Revista de Crítica ISSN 2954-4904
Cine


Paul Thomas Anderson, Licorice Pizza, Estados Unidos, 2021.


En 2001 Paul Thomas Anderson pasó por una escuela secundaria y vio a un muchacho coqueteando con la asistente del fotógrafo para el anuario escolar. La escena permaneció en su cabeza y se preguntó: ¿Qué tendría que pasar para que ella accediera a tener una cita con el chico y cómo se vería eso? La respuesta hubo de esperar veinte años y su título es Licorice Pizza; un título extraño que no dice nada, pero evoca algo: rebeldía, indecisión o irreverencia, actitudes comunes en la juventud temprana. Licorice Pizza era también el nombre de una tienda de música en San Fernando Valley a la que el joven P. T. Anderson solía ir cuando tenía la edad de su precoz protagonista, cuando él también se enamoraba de las hermanas mayores de sus amigos y soñaba con ser alguien.

Nadie podría acusar a Anderson de ser un cineasta interesado en lo mundano.
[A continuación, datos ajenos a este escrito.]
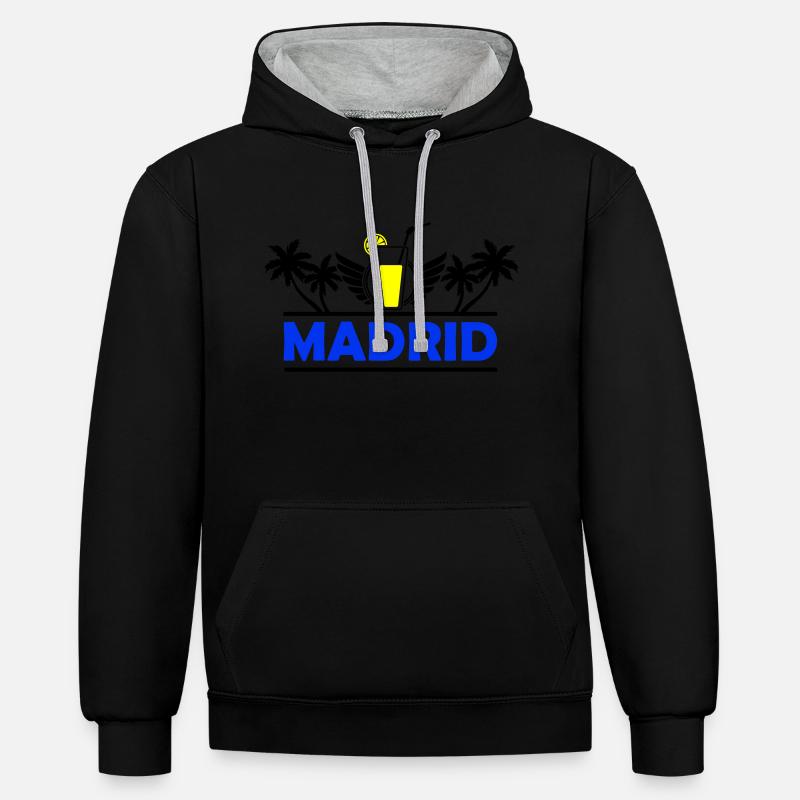 Madrid 2 - Sweat à capuche contrasté - noir/gris chiné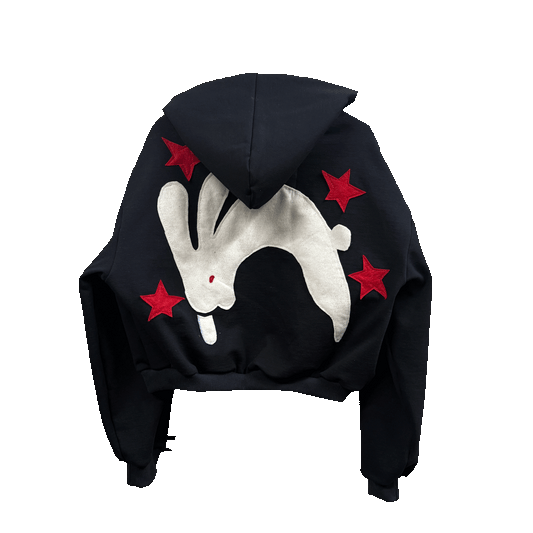 Connection - 1/1  Handmade Heavy Fleece Zipper Hoodie (Jet Black)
Su filmografía incluye: un filme neo-noir sobre apuestas, prostitución, secuestro y asesinato (Hard Eight); un estudio de la bullente industria del porno en los setenta que no huye de la sordidez del medio –homicidio múltiple, cocaína a granel y suicidio son algunos de los elementos de la trama– (Boogie Nights); una épica coral sobre las psicologías torturadas de varias almas perdidas en el Valle de San Francisco en donde hasta ranas llueven (Magnolia); el enfrentamiento de un cruel magnate petrolero megalomaníaco con un predicador mesiánico (There Will Be Blood); la manipulación de un veterano de guerra alcohólico a manos del líder de un culto naciente (The Master); la investigación psicodélica de tres desapariciones en el turbulento Los Angeles de 1970 (Inherent Vice) y la relación tóxica (literalmente) entre un genio de la alta moda y su musa-colaboradora (Phantom Thread). Aún en la relativamente simple Punch-Drunk Love el romance se ve obstaculizado por una subtrama que involucra extorsión y una línea telefónica de sexo. Es de llamar la atención entonces que en su novena película, Licorice Pizza, el ya veterano director se permita contar una historia sencilla sobre la amistad y el primer amor, sobre crecer y encontrar un lugar en el mundo; una película donde la trama no es más que una colección de anécdotas excéntricas conectadas únicamente por el año: 1973, el lugar: San Fernando Valley, y sobre todo por la relación de sus protagonistas. Sí, Licorice Pizza es la más liviana, la más luminosa, la más despreocupada y alegre de las películas de P. T. Anderson, pero no por ello la menos profunda. Al contrario, es un buen ejemplo de que en el arte lo complejo y lo sencillo no están necesariamente peleados y, lo que es más, a veces van mejor juntos.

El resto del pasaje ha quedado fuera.